# Local Brain RAG - Exploration Notebook

Use this notebook for experimentation and testing.

**GPU**: NVIDIA RTX 4060 (8GB VRAM)

## 1. Setup and Imports

In [None]:
import sys
sys.path.insert(0, '../')

import torch
from src.utils import load_config, check_cuda_available
from src.ingest import DocumentLoader
from src.vectorstore import VectorManager
from src.rag import RAGEngine

print(f"PyTorch version: {torch.__version__}")
print(f"CUDA available: {torch.cuda.is_available()}")
if torch.cuda.is_available():
    print(f"GPU: {torch.cuda.get_device_name(0)}")
    print(f"VRAM: {torch.cuda.get_device_properties(0).total_memory / 1e9:.2f} GB")

## 2. Load Configuration

In [None]:
config = load_config('../config/config.yaml')
print("Configuration loaded successfully")

## 3. Test Document Loading

In [None]:
# Initialize document loader
loader = DocumentLoader(config)

# Load documents from data/raw
documents = loader.load_and_split('../data/raw', is_directory=True)

# Display statistics
stats = loader.get_document_stats(documents)
print(f"Loaded documents: {stats}")

## 4. Test Embedding Generation (CUDA)

In [None]:
# Initialize vector manager (embeddings will use CUDA)
vector_manager = VectorManager(config)
vector_manager.initialize_vectorstore(reset=True)
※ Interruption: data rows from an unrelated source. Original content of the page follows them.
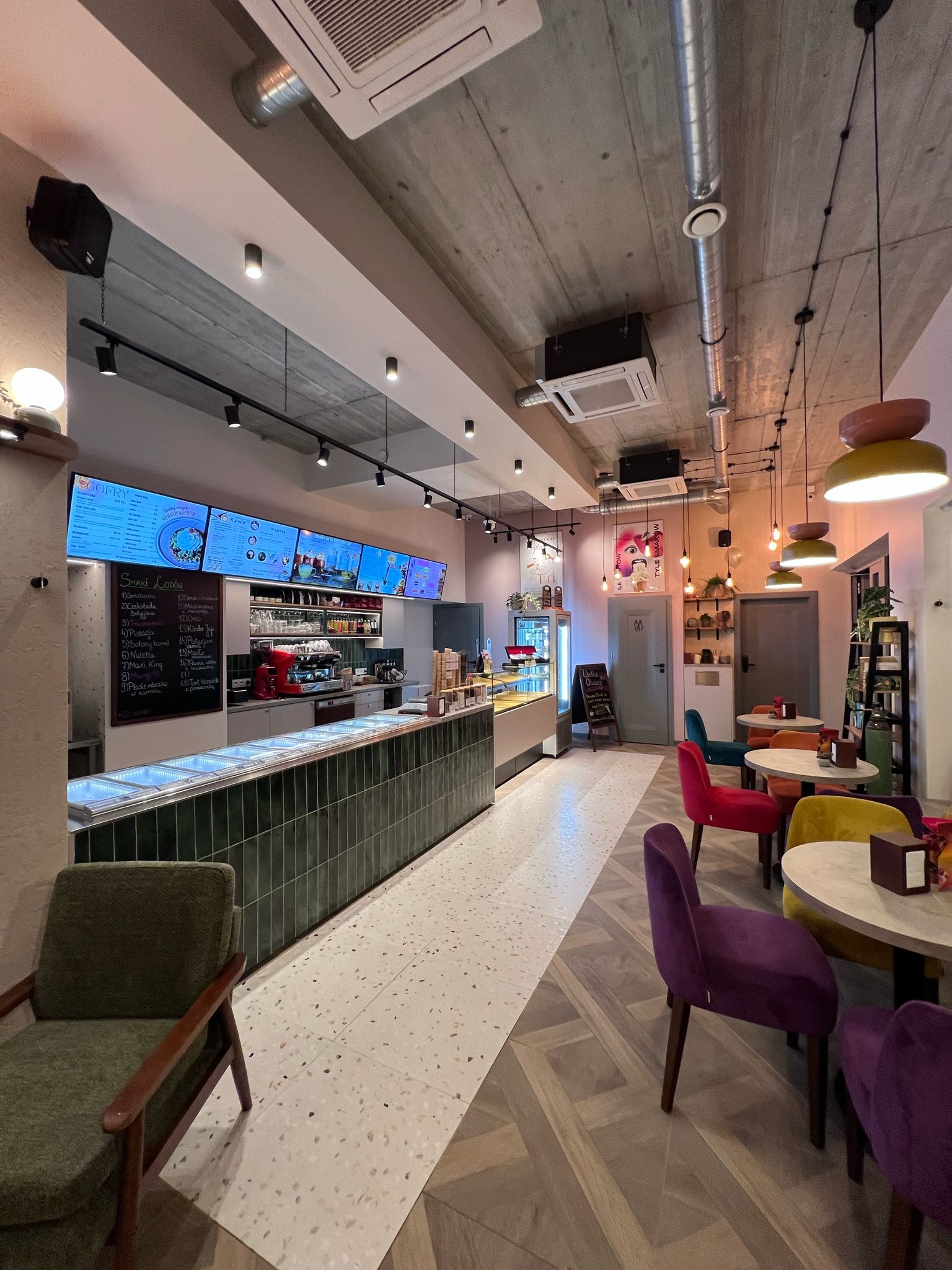 Wnętrze kawiarni z ladą z zielonych płytek, stolikami z kolorowymi krzesłami i menu na tablicy. Widoczne oświetlenie sufitowe i dekoracyjne lampy.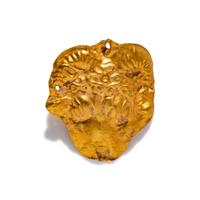 A Near Eastern Gold Ram's Head Applique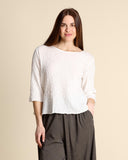 Blusa in mussola di cotone goffrata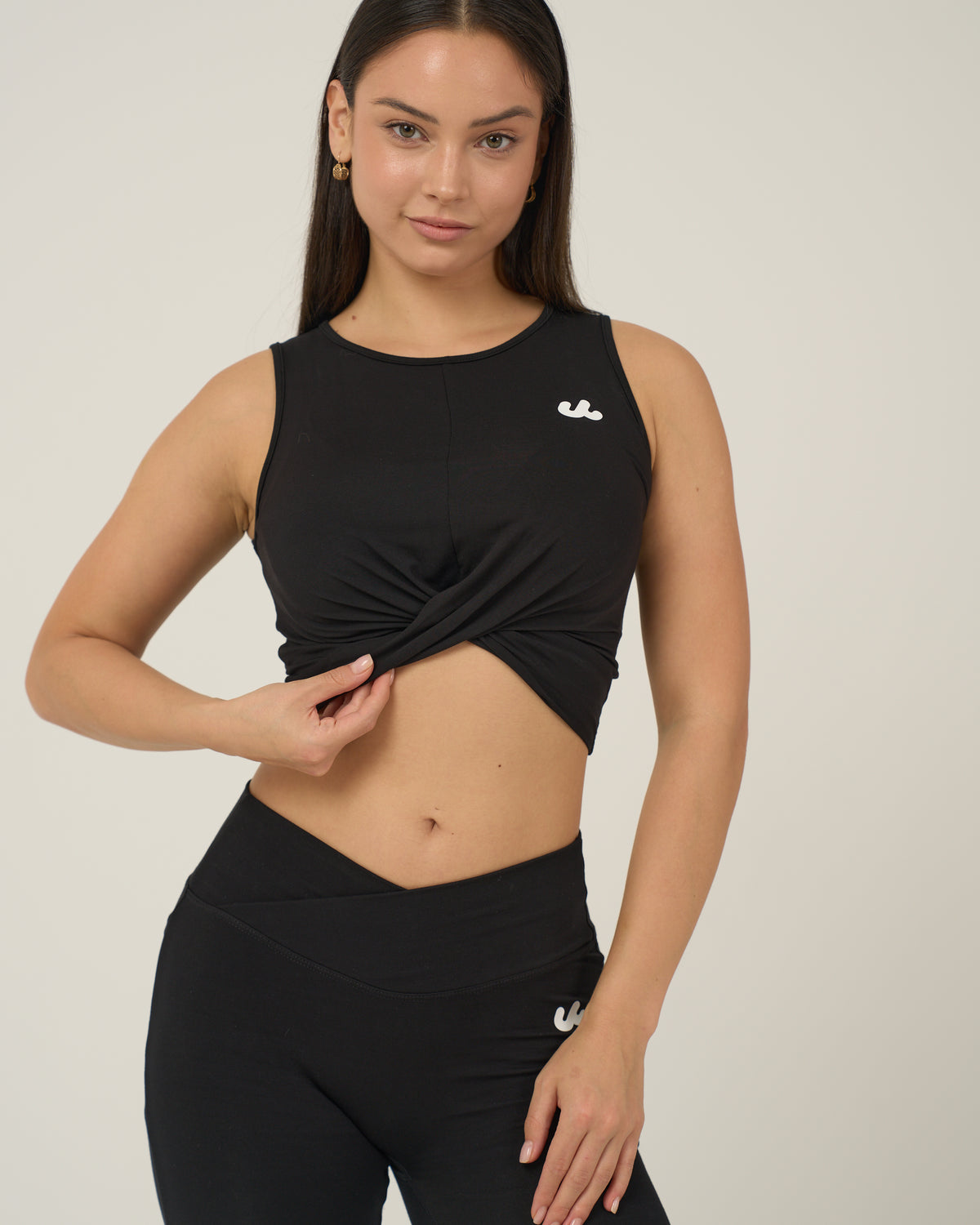 Woman in the Urthlete bamboo fitted tank in coal black with a twist front hem
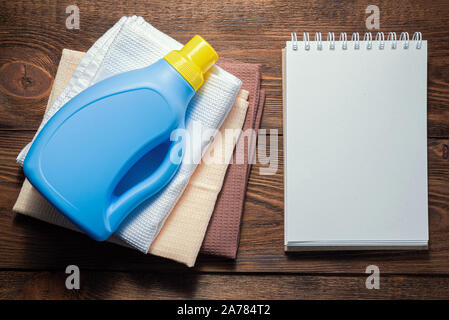 L'offre de lavage, adoucisseur, détergent, linges à vaisselle et le bloc-notes page blanche sur table en bois. Conseils à la personne des maquettes. Banque D'Images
# Monitor VRAM usage during embedding
if torch.cuda.is_available():
    torch.cuda.reset_peak_memory_stats()
    start_mem = torch.cuda.memory_allocated() / 1e9
    print(f"VRAM before embedding: {start_mem:.2f} GB")

# Add documents (embeddings generated on CUDA)
ids = vector_manager.add_documents(documents)

if torch.cuda.is_available():
    end_mem = torch.cuda.memory_allocated() / 1e9
    peak_mem = torch.cuda.max_memory_allocated() / 1e9
    print(f"VRAM after embedding: {end_mem:.2f} GB")
    print(f"Peak VRAM usage: {peak_mem:.2f} GB")

print(f"\nAdded {len(ids)} document chunks to vector store")

## 5. Test Similarity Search

In [None]:
# Test query
test_query = "What is this document about?"

# Search for similar documents
results = vector_manager.similarity_search_with_score(test_query, k=3)

print(f"Query: {test_query}\n")
for i, (doc, score) in enumerate(results, 1):
    print(f"Result {i} (score: {score:.4f}):")
    print(f"Source: {doc.metadata.get('source', 'Unknown')}")
    print(f"Content: {doc.page_content[:200]}...\n")

## 6. Test RAG Pipeline (Requires Ollama)

In [None]:
# Initialize RAG engine
# NOTE: Ensure Ollama is running: ollama serve
# And model is downloaded: ollama pull llama3

rag_engine = RAGEngine(config, vector_manager)
rag_engine.initialize_chain()

# Test query
response = rag_engine.query(test_query)

print("Answer:")
print(response['answer'])
print("\nSources:")
for doc in response.get('source_documents', []):
    print(f"  - {doc.metadata.get('source', 'Unknown')}")

## 7. Benchmark Embedding Speed on RTX 4060

In [None]:
import time

# Create sample texts for benchmarking
sample_texts = [f"This is sample document number {i} for testing." for i in range(100)]

# Benchmark
results = vector_manager.benchmark_embedding_speed(sample_texts)

print("Benchmark Results:")
print(f"Throughput: {results['texts_per_second']:.2f} texts/second")
print(f"VRAM usage: {results['vram_mb']:.2f} MB")

## 8. VRAM Monitoring

In [None]:
if torch.cuda.is_available():
    allocated = torch.cuda.memory_allocated() / 1e9
    reserved = torch.cuda.memory_reserved() / 1e9
    total = torch.cuda.get_device_properties(0).total_memory / 1e9
    
    print(f"VRAM Status (RTX 4060):")
    print(f"  Total: {total:.2f} GB")
    print(f"  Allocated: {allocated:.2f} GB")
    print(f"  Reserved: {reserved:.2f} GB")
    print(f"  Free: {total - reserved:.2f} GB")
    
    # Clear cache
    torch.cuda.empty_cache()
    print("\nCache cleared")